Let’s just start with a quick disclaimer, shall we? Because I’m not sure why but it seems like the topic of weather–historically meant to be banal chit chat exchanged between acquaintances when all other topics are exhausted–is one of the most controversial social media posts these days. For everyone that posts a “Crazy this snow we’re getting in fill-in-the-blank city!” there’s a reply something to the effect of “Oh yeah? Well, that’s nothing compared to what’s happening in MY fill-in-the-blank city!” Or the ever popular “Well, you should move to my fill-in-the-blank city. We never have snow!”
Can we just all calm down and agree that each regional climate is it’s own thing? Everything is a matter of degrees (literally and figuratively…pun absolutely intended) and is highly subjective. My sister basks in the humidity and heat of Texas and loves every second. I hate heat and when coupled with humidity it makes me want to shoot my face off. Both valid responses. Both SUBJECTIVE responses. To each their own. Okay. Disclaimer over. 🙂
Ask any native of Colorado and they’ll tell you – spring is something of a schizophrenic experience around these parts. That means that every year or so I learn something new about the weather in my beloved state. And not all of it is warm and fuzzy, let me tell you. My reactions in any given weather scenario tend to show…well…what’s in my heart. And as it turns out, crazy rattles around in my ticker more often than not.
For instance, several weeks ago we had a hail storm (oh, HAIL no). Normally, any severe thunderstorms that include hail are short. We get furious downpour followed by about 10 minutes of hail. Then…nothing. I’ve learned how to drive around in these kinds of situations. No sweat. However, on this particular day, I was headed back from a lunch break at Chick-Fil-A with a few girls from work when all hail broke loose (see what I did there?).
As the hail started to come down heavy, I pulled into a parking lot to wait out what I thought would be a short storm. As the hail kept coming…and coming…and coming, I realized that I was going to have to make a break for it or we might never make it back to our desks. So, I pulled out of the parking lot and slowly made my way back to the main road. At this point, several inches of hail had fallen and turned the roads into a slushy wet mess. Cars passing me would envelope my car with the watery hail mix which was, in a word, awesome (insert sarcastic look and/or withering stare here).
As you can imagine, my windshield wipers were going furiously to keep up with the water from above and around me.
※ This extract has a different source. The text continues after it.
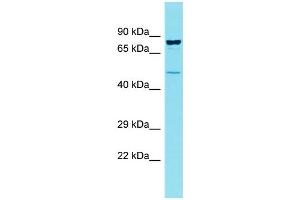 Host: Rabbit Target Name: CCDC121 Sample Type: OVCAR-3 Whole Cell lysates Antibody Dilution: 1. (CCDC121 anticorps  (Middle Region))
And then my windshield wipers just STOPPED WORKING. First of all, I didn’t know that was an option. They have ONE JOB. Second of all, driving without being able to see where you’re going is completely terrifying. With my friend Kendall riding shot-gun and my friend Katie in the back seat, I must have inspired a lot of confidence in my driving ability. I just kept saying “I can’t see, guys! I really can’t see!”
And then I did what I always do…it says so on my resume…I problem solved.
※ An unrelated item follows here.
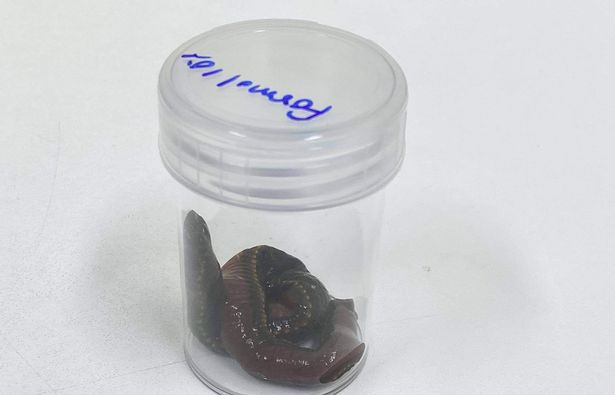 Phát hiện đỉa trong dương vật một người đàn ông, bác sĩ phẫu thuật “chết sững“ ảnh 3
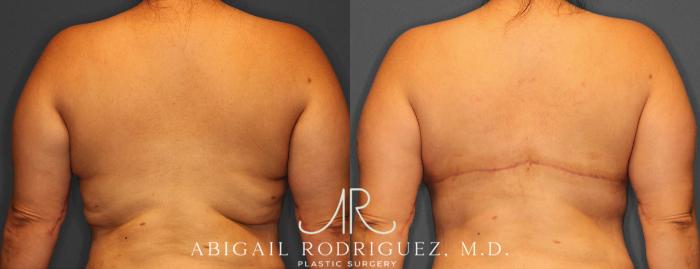 Before & After Bra Line Lift Case 254342 View 2 View in Houston, TX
Problem: I can’t see through the windshield.
My Brain’s Solution: Roll down the window and stick your head out so you can see the road.
I still stand by my assessment of the problem. That being said, trying to drive without go-go-Gadget arms with your head hanging out the window is…difficult. Also, let’s just take into account that it was STILL hailing. So, yeah. Hail hurts.
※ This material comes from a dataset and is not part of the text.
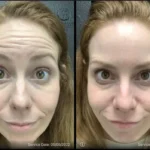 Before and after photo | wrinkles removal treatment | ANEU Medical Spa | McFarland | Madison, FL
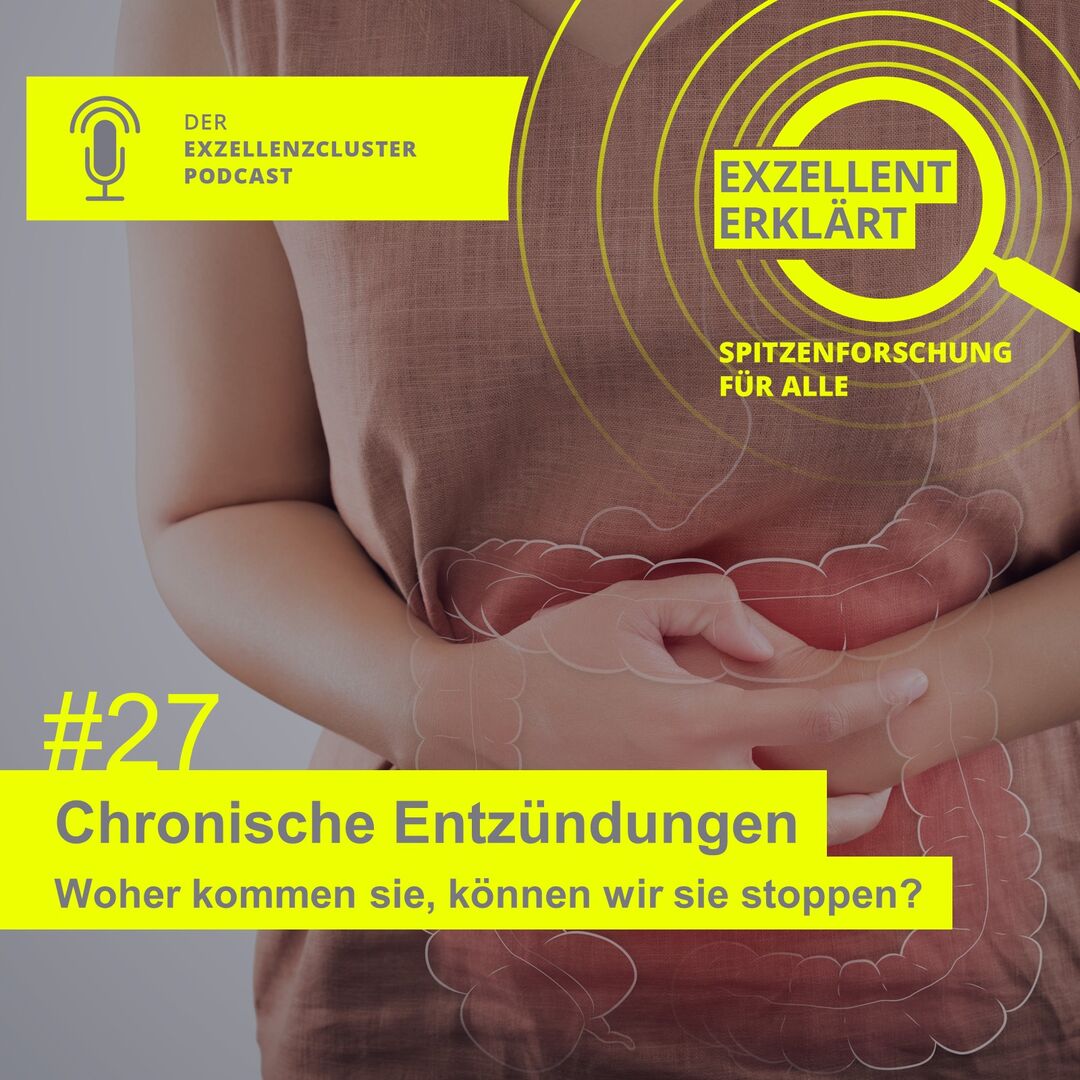 Exzellenzt Erklärt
In that moment, one of the girls gently suggested that we pull to the side of the road. Luckily, there was a left turn lane into a building that was unoccupied.
Fully prepared to do what I needed to to make it out of this situation alive, I grabbed my ice scraper (because as a Colorado dweller, it’s not safe to put those suckers away until at LEAST June) and went to town on the hail that had built up into a nice ice sculpture on my windshield. The rain and the hail came down on my head. The slush took up residence in my cute-but-not-altogether-weather-appropriate flats. I worked fervishly and finally freed the windshield wiper blades from their prison.
I dove back into the drivers seat, soaked from head to toe, and then realized…I was wearing a rain coat. With a HOOD. Word to the wise – a hood only protects you if you actually pull it onto your head. #lifelessonswithAmy You are most welcome.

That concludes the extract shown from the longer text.